Caption-style text data
Segment Open
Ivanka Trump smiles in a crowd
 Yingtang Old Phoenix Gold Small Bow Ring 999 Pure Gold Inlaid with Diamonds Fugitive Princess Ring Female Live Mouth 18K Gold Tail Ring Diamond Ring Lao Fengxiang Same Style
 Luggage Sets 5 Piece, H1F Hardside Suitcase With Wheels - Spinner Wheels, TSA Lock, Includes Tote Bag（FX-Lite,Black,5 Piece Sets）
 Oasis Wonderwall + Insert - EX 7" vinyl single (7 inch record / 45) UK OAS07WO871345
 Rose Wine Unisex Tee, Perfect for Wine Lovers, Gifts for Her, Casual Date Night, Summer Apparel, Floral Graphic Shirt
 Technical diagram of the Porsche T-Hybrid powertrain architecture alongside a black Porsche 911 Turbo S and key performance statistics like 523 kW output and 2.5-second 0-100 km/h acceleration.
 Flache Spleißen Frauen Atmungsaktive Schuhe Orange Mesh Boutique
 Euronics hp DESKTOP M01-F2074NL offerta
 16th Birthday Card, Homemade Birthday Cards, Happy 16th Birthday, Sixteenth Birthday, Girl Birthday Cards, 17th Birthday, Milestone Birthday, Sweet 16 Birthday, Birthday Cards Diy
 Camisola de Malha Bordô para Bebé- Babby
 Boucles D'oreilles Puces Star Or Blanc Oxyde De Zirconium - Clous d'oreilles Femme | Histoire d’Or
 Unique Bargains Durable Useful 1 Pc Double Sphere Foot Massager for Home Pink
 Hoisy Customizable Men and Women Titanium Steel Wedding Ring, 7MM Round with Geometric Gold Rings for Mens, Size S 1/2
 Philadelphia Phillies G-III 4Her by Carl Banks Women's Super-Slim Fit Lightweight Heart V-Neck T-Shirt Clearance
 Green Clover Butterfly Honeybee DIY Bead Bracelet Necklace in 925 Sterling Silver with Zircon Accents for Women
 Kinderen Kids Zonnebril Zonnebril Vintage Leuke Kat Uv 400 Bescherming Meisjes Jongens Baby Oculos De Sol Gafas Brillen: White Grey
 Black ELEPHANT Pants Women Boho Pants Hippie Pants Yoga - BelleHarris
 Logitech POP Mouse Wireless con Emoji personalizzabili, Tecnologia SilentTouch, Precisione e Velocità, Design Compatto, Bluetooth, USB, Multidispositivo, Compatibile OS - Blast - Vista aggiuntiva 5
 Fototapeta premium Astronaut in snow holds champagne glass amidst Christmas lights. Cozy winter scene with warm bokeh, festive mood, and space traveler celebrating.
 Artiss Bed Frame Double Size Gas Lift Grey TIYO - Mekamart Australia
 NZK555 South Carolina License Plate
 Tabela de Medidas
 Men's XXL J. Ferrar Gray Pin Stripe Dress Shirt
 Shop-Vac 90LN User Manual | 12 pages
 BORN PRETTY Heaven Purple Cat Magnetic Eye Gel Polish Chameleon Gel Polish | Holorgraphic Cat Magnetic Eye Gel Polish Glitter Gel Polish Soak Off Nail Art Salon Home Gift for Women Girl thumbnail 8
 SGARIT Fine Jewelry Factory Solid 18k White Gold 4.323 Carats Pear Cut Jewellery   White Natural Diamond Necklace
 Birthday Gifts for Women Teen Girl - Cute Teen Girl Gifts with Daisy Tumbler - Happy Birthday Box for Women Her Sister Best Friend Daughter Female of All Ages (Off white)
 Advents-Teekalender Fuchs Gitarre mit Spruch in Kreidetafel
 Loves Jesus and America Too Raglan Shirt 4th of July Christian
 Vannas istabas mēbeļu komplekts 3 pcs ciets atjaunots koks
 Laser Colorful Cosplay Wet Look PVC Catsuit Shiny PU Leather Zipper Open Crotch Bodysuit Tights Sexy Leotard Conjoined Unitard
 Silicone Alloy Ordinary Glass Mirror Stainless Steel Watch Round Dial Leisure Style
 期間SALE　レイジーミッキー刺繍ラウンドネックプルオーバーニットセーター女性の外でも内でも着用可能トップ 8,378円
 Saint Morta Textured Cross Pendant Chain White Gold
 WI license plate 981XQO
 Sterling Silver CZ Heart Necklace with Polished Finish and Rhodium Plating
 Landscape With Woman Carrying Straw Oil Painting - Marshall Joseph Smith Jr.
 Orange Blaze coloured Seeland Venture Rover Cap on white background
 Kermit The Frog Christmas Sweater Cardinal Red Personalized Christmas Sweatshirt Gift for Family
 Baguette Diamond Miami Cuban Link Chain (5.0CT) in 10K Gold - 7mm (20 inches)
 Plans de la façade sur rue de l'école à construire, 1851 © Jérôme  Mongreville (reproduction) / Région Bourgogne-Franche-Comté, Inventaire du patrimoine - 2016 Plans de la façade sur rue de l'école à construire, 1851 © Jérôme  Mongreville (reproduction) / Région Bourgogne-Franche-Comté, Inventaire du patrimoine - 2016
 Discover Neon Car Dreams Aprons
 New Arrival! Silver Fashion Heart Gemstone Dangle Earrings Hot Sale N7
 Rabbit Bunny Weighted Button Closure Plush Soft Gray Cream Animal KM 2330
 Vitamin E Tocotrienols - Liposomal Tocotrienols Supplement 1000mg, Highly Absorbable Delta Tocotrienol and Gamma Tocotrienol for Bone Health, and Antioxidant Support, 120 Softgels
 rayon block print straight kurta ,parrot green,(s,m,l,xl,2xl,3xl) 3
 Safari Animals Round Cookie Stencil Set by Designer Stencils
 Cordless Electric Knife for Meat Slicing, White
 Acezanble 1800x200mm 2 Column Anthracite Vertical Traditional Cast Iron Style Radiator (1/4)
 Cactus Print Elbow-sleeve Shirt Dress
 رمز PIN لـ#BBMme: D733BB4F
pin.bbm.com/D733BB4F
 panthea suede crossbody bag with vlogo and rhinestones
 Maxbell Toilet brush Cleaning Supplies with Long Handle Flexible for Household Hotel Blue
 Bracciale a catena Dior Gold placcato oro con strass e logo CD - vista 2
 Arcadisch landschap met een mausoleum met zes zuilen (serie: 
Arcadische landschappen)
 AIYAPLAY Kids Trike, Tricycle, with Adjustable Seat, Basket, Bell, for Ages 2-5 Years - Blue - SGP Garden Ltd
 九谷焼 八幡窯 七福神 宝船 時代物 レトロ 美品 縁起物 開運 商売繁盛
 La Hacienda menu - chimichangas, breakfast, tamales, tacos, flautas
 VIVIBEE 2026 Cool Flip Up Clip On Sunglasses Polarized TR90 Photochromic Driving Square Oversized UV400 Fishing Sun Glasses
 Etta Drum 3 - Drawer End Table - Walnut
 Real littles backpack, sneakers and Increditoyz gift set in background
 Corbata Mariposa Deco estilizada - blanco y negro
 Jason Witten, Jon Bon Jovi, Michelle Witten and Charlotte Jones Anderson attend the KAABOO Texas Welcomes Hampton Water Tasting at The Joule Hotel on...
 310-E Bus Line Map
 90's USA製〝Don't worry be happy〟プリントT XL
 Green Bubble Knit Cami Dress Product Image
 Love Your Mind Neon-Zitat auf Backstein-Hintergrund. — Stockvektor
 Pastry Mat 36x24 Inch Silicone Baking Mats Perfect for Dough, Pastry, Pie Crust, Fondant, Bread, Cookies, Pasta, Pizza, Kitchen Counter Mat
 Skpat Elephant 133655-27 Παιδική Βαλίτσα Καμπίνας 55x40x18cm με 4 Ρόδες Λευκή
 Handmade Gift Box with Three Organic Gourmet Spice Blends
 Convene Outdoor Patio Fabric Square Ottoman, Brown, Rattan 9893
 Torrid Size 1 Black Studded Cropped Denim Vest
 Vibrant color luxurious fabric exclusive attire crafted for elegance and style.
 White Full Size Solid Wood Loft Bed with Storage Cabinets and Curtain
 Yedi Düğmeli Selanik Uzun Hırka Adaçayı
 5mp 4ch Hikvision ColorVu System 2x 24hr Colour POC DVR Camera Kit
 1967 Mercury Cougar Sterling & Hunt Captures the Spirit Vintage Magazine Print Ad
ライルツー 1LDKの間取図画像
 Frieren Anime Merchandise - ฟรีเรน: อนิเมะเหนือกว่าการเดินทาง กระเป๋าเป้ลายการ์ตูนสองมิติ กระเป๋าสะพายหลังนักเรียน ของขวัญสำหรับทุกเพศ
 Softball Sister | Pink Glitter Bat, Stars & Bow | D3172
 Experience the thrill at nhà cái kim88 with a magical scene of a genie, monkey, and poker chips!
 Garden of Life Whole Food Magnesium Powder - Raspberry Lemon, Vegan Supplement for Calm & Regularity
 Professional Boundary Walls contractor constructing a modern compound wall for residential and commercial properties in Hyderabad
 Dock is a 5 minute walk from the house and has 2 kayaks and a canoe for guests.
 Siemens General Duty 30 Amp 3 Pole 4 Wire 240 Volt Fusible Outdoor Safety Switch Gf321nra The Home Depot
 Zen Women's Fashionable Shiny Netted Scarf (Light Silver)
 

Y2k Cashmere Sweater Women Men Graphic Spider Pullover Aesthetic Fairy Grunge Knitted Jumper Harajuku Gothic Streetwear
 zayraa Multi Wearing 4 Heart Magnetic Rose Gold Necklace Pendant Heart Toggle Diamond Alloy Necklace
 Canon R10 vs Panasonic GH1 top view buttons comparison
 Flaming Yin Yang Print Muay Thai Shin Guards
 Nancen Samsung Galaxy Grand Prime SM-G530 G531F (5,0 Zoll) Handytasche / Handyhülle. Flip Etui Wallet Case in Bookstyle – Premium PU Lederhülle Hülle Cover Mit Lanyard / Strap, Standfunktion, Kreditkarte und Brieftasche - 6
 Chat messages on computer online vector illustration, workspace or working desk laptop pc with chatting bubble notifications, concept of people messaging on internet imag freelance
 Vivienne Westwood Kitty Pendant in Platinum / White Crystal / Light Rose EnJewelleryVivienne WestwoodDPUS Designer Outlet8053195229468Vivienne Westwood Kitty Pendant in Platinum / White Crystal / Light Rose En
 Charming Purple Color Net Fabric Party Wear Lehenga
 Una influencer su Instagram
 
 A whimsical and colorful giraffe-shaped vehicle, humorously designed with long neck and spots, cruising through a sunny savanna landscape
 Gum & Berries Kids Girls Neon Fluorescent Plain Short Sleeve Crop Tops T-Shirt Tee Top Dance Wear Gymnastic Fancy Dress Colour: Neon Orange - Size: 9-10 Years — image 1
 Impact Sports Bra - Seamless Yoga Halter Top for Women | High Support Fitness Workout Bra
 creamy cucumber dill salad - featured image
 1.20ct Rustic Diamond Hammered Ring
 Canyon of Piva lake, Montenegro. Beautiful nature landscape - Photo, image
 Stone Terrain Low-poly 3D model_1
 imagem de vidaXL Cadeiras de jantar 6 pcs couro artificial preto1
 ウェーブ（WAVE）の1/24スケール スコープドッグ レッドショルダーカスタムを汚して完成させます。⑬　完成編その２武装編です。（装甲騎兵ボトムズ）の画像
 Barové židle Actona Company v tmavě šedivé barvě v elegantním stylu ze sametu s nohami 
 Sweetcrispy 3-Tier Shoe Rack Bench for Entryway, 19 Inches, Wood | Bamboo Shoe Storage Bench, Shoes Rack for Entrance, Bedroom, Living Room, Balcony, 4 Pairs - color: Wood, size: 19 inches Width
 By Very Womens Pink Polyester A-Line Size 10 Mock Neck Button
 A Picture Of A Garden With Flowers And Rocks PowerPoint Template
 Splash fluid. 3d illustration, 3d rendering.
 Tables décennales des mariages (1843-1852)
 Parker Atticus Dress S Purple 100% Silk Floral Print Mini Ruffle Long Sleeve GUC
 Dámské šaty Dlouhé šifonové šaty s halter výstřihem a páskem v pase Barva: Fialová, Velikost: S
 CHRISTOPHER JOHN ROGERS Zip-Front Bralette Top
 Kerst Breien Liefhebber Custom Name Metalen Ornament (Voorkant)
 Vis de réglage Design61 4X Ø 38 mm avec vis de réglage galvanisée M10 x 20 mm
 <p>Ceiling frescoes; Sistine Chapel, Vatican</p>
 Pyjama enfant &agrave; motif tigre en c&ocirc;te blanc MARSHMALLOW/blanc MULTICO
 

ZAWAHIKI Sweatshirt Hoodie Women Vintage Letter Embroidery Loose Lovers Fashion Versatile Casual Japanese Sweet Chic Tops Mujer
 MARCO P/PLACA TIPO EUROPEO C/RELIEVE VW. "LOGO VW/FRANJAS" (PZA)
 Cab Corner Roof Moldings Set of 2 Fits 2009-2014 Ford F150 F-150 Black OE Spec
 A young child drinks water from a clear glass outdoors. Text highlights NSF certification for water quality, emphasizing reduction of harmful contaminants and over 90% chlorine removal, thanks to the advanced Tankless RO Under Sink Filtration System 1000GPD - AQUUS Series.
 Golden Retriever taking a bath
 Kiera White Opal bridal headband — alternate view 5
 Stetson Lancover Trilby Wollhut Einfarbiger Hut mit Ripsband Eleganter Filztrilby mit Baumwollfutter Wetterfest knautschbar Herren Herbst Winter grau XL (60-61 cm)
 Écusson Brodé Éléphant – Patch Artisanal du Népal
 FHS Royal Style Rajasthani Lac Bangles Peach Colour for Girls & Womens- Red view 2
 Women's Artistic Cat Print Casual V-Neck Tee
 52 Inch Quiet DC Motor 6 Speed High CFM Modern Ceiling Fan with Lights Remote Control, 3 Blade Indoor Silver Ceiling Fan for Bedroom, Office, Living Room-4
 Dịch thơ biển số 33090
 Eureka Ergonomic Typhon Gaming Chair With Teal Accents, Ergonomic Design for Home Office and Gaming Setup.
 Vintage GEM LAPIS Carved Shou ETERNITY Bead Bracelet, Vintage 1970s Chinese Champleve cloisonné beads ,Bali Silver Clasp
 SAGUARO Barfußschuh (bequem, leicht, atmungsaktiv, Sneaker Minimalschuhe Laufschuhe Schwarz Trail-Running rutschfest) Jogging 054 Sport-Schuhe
Segment Closed
**Problem to solve**
Where the word "Solid" occurs in a line of the records, copy that line.

**Exercise output**
 SGARIT Fine Jewelry Factory Solid 18k White Gold 4.323 Carats Pear Cut Jewellery   White Natural Diamond Necklace
 White Full Size Solid Wood Loft Bed with Storage Cabinets and Curtain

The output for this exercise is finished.